There is a pretty unique aspect in Larry's design though that I haven't seen anywhere else except the Fortin. It's the whole Girth / Grind controls Fortin has on the Satan. I can't think of an amp that really had those controls in that spot like that before the Larry design. Not an earth shattering invention that altered the circuit landscape forever, but it is pretty novel and at least as unique as some of the stuff Randall Smith has patents for.

Not to mention buying amps from somebody who you then talk to about his circuits only to launch a business building a clone is just a pretty shitty thing to do no matter how you slice it.


----------



## Werecow (Aug 3, 2020)

HeHasTheJazzHands said:


> My Randall T2 is quieter than whisper quiet on standby, but from what I've heard from the Fortin Sigil videos, they're still awfully fucking loud on standby.

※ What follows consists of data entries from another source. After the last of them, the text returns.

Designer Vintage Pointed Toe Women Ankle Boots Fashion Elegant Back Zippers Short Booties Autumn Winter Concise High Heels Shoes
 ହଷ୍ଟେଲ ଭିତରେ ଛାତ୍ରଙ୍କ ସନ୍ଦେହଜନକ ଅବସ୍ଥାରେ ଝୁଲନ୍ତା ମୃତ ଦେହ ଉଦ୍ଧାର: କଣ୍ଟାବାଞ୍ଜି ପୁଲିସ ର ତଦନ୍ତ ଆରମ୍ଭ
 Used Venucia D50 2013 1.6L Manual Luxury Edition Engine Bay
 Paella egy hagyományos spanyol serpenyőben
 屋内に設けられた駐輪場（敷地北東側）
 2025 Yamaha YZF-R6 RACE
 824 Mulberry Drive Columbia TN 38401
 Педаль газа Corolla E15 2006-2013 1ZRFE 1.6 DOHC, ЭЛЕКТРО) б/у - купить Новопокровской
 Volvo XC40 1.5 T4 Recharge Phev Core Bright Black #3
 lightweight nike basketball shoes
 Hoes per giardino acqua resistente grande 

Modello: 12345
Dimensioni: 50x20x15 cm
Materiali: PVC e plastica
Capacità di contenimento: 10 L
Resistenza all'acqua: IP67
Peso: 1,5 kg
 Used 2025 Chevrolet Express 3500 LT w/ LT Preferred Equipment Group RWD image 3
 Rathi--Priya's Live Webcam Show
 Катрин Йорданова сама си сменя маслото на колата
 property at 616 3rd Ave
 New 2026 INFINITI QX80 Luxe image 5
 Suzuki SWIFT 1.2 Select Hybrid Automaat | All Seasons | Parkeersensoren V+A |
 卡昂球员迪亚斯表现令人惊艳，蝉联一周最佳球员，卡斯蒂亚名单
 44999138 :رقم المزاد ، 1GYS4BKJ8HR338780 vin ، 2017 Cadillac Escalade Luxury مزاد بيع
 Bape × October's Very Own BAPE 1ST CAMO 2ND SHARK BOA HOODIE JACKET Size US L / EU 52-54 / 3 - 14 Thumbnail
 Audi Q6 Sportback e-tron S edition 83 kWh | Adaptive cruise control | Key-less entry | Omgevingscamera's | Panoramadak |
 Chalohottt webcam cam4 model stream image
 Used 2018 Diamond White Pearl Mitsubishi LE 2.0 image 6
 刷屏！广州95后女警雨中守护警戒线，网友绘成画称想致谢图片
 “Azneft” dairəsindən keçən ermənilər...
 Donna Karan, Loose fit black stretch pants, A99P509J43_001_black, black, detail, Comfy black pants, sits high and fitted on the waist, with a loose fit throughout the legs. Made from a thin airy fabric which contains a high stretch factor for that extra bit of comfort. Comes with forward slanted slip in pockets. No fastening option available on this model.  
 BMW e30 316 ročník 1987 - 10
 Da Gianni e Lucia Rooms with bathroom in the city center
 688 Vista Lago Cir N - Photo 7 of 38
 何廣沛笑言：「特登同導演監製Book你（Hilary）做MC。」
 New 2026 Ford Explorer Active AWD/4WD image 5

I guess the next question would be... is the tone good on standby?


----------



## HeHasTheJazzHands (Aug 3, 2020)

technomancer said:


> There is a pretty unique aspect in Larry's design though that I haven't seen anywhere else except the Fortin. It's the whole Girth / Grind controls Fortin has on the Satan. I can't think of an amp that really had those controls in that spot like that before the Larry design. Not an earth shattering invention that altered the circuit landscape forever, but it is pretty novel and at least as unique as some of the stuff Randall Smith has patents for.
> 
> Not to mention buying amps from somebody who you then talk to about his circuits only to launch a business building a clone is just a pretty shitty thing to do no matter how you slice it.



Also worth noting that Larrys go back as far as the early '90s (maybe sooner). Larry (and I think Jon Schaffer as well) talks about showing his amp to Jon since he was a big fan of Iced Earth and eventually showed him one of his modded Marshalls in person. I think they met in 1992 with said amp and eventually used one of the first Dinos on Burnt Offerings.


----------



## Werecow (Aug 3, 2020)

technomancer said:


> There is a pretty unique aspect in Larry's design though that I haven't seen anywhere else except the Fortin. It's the whole Girth / Grind controls Fortin has on the Satan. I can't think of an amp that really had those controls in that spot like that before the Larry design. Not an earth shattering invention that altered the circuit landscape forever, but it is pretty novel and at least as unique as some of the stuff Randall Smith has patents for.
> 
> Not to mention buying amps from somebody who you then talk to about his circuits only to launch a business building a clone is just a pretty shitty thing to do no matter how you slice it.



My first ever amp was a Park G10. I don't know where it was in the circuit, but it had gain1 and gain2 controls that functioned exactly the same (affected gain in the low end, and the high end). I don't know when the Larry first came out, or the Park, but i got the Park in early or mid 90's. I last fired it up last year or so, and the gains really do alter the tone in the same way they do on my Cali (just from a usability way anyway).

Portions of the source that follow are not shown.